In 1979, the United Nations general assembly adopted the international CEDAW. It is considered an international bill of rights for women. Most notably, the GCC countries and most Arab countries have declined to accept article 9, which states that “states parties shall grant women equal rights with men with respect to the nationality of their children.”  

This means that these nations do not support or enforce this article, and that only fathers are able to pass on their nationality to their children. This is regardless of whether the man marries a local or a foreign woman. Mothers from most of the Arab countries, however, have no right to apply for citizenship for their children, nor an identity for them. When a relationship is struck down through abuse, this stance on the law becomes another weapon of the abuser, and it is women who suffer the most.  

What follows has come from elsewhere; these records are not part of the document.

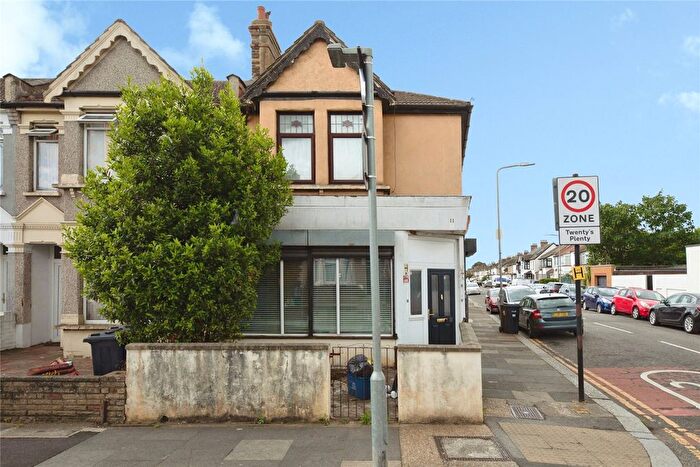 3 Bedroom End Terrace House For Sale In Meads Lane, Ilford, IG3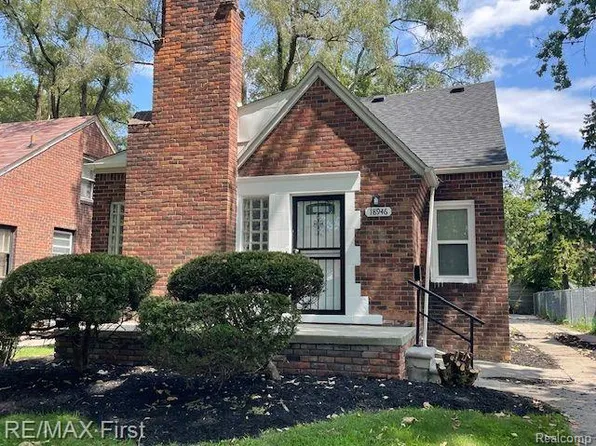 18946 Lindsay St, Detroit, MI 48235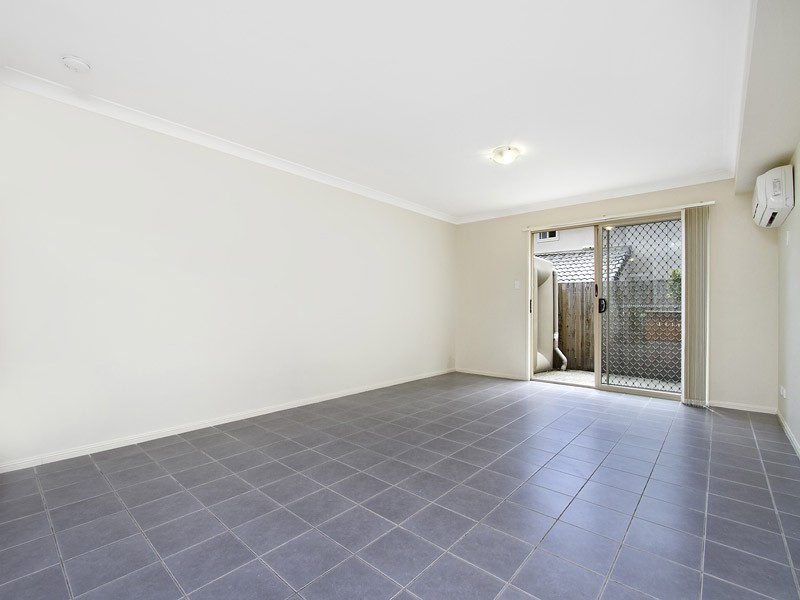 19/154 River Hills Rd, Eagleby QLD 4207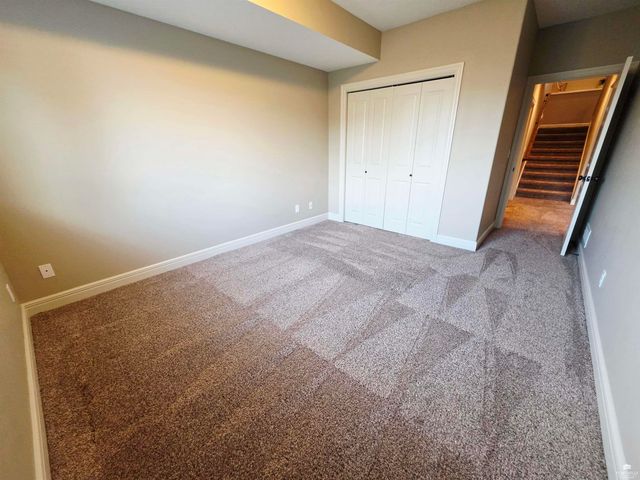 3700 Deakon Drive, Manhattan, KS 66503
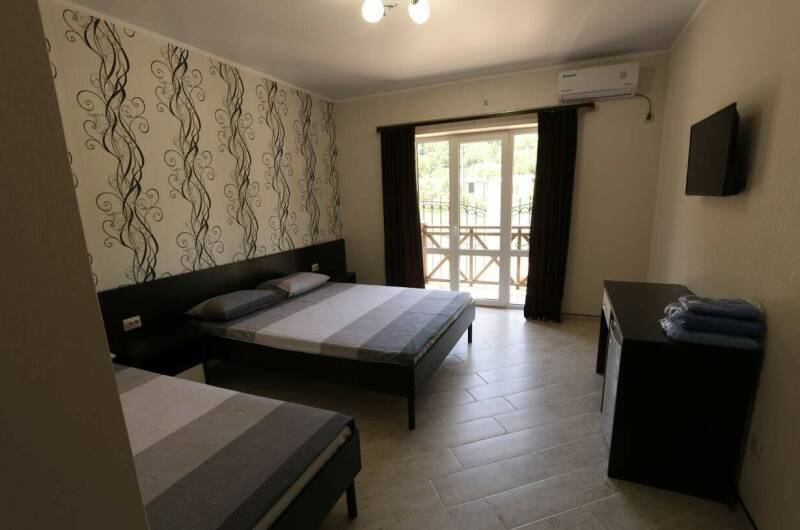 Трехместный номер с балконом на 1 этаже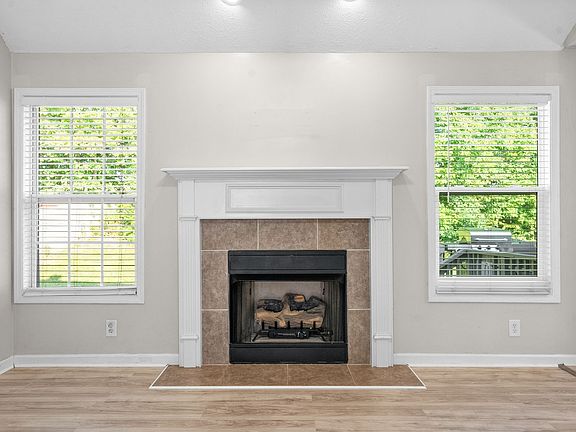 5th image of 941 Cobbler Dr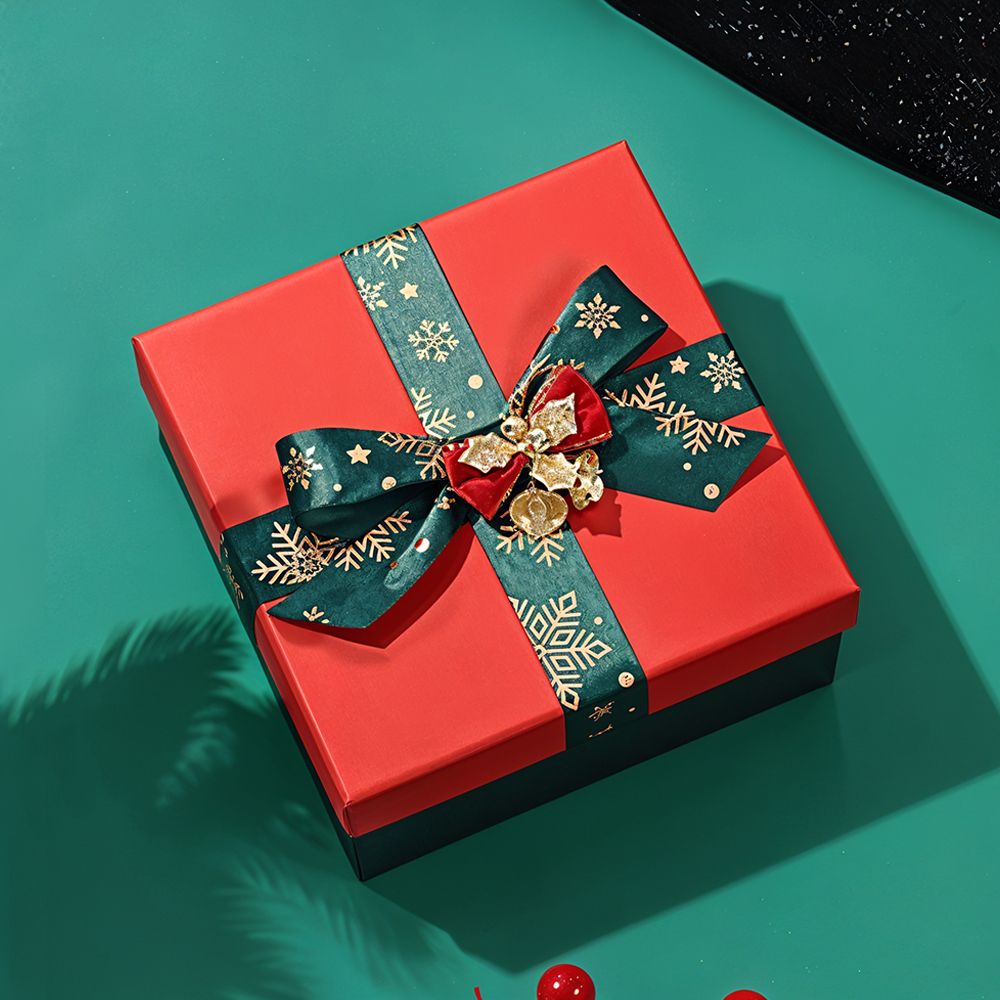 5.9*5.9*2.7インチのクリスマスギフトボックス。 - FaceBoxer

In my book, two brave women share their personal accounts of denied citizenship and this failure of the law. The first story relates to a mother fighting for her daughters’ rights to obtain citizenship. These papers which can only be filed by the father. She fought for six long years. Finally, her daughters were granted passports and citizenship thanks to her willingness to continue fighting the broken system. After my book was finished, this brave woman called to inform me that her ex-husband had died. She declared to me that she had forgiven him years ago for his choice which devastated their children’s’ lives, and felt sorrow he was all alone when he died.

The second account is of a mother who has lost all hope. Her two sons have no citizenship, and no identity. She was divorced after her husband uttered no more than three words to her then went to court and filed the papers. He went back home to a neighboring country and still today has not filed for both his sons’ citizenship in any country. She has come to terms with the divorce, but her sons continue to suffer from this. They likely will for the rest of their lives. I have not heard from her even after her story in my book was published. I want to tell her to not give up, that there is hope for her and her sons to get the justice they deserve.